“The dream of the organ-on-chip field is to create personalized tissue models for every organ and for every individual with a disease. These models can then be used to test drug efficacy in a patient-specific manner.”
Our ultimate aim is to develop personalized tissue models of disease to improve our understanding of disease mechanisms and test novel treatments for both complex and monogenic disorders.
Our starting point will be iPSC cells from individuals with a specific genetic background, either patients or Lifelines participants with a particular polygenic risk score. These iPSC cells can then be differentiated into different types of tissues. Initially, we have focused on the gut and developed models for celiac disease (https://tinyurl.com/k3xc424y).
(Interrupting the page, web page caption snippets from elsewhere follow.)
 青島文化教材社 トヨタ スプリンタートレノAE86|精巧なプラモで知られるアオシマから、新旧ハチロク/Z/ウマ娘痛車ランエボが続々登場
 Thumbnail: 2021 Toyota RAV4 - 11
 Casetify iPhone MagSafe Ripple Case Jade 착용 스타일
We will challenge these mini-guts with gluten peptides, cytokines and other (microbial) metabolites associated with celiac disease to investigate how both disease-affected and healthy guts respond to these stimuli.
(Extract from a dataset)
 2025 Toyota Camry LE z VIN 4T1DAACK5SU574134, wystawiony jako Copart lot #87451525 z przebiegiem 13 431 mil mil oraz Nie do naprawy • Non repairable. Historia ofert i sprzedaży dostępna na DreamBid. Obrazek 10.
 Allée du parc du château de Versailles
This work is done in the context of the Netherlands Organ-on-a-chip Initiative (NOCI), funded by NWO, and in collaboration with Emulate Inc., Boston, USA. More recently we have developed a liver-on-chip system as well that we will use to study the role of the gut-liver axis in drug metabolism and to study NAFLD/NASH biology.
We currently have an operational gut-on-a-chip system through our active collaboration with Emulate. We initially intend to use this platform to study celiac disease, an immune-mediated disease that affects the gut. Here we can utilize organ-on-a-chip to study how gluten peptides affect the immune system and microbiome and how the gut interacts with these factors in very high detail.
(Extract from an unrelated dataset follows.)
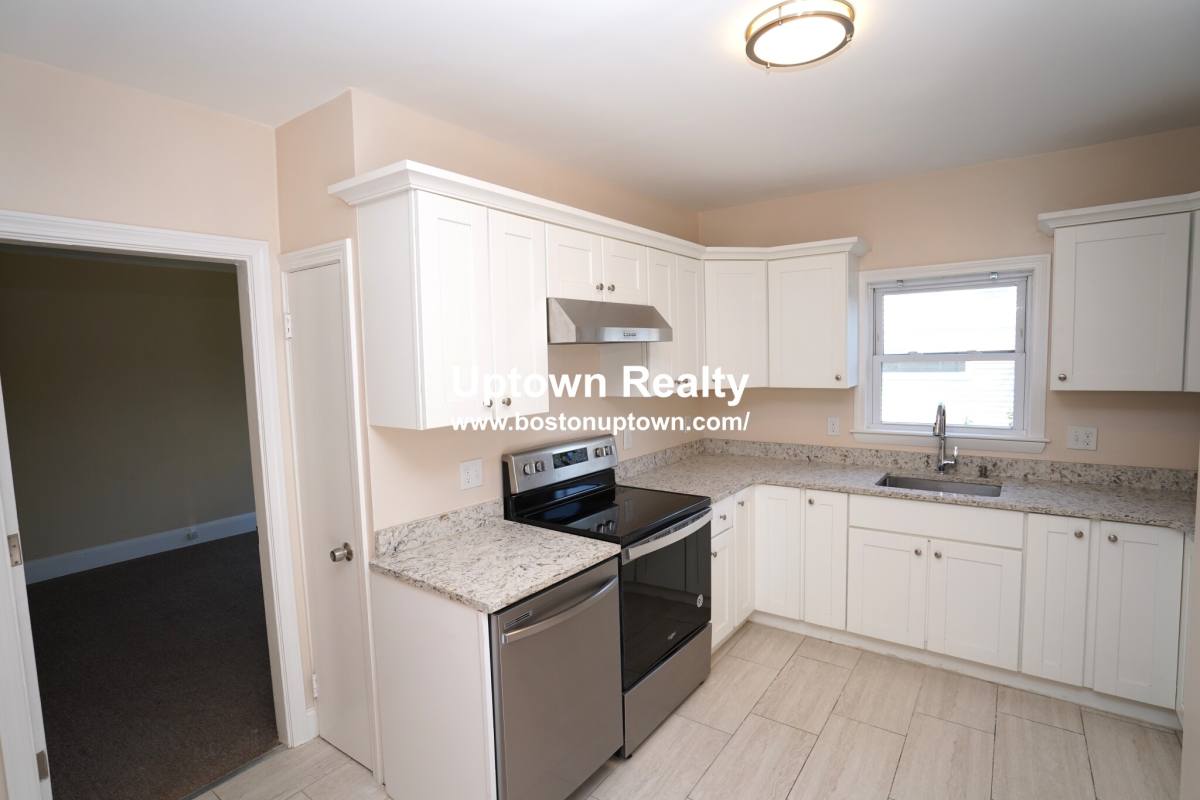Apartment for rent at 83 Waverly, Brighton, MA 02135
We have also generated a liver-on-a-chip to study the role of the intestine-liver axis in drug metabolism and their response to nutrients and drugs.
We dream of generating multiregional brains-on-a-chip as well, again by taking advantage of PBMCs stored in liquid nitrogen for 20,000 Lifelines participants. Since we have polygenic risk scores for each of these samples, we can use PBMCs from individuals strongly susceptible to brain disorders such as Alzheimer’s & Parkinson’s diseases, multiple sclerosis or ALS.
Connecting different organs-on-a-chip
By connecting these systems, we will be able to ascertain how the gut and liver interoperate and gain highly detailed insights into the metabolism of nutrients and drugs. We expect that the genetic makeup comprises a very strong factor in food and drug metabolism. Because we have PBMCs and polygenic risk scores for more than 20,000 participants, we can select those individuals with strongly increased or decreased risks for e.g. cardiometabolic disorders, which will enable us to study the effects on metabolism in unprecedented detail.
Leveraging existing multi-omics Lifelines cohorts
The PBMCs that have been stored in liquid nitrogen for more than 350 Lifelines Deep samples make it is possible to derive iPS cells that we can differentiate into a gut-on-a-chip. Additionally, as we have already generated a tremendous amount of multi-omics data on these samples, we can also integrate these in-vivo measurements with extremely well controlled organ-on-a-chip measurements. This will allow us to obtain extremely detailed insights into the interplay between the genome and environmental exposures.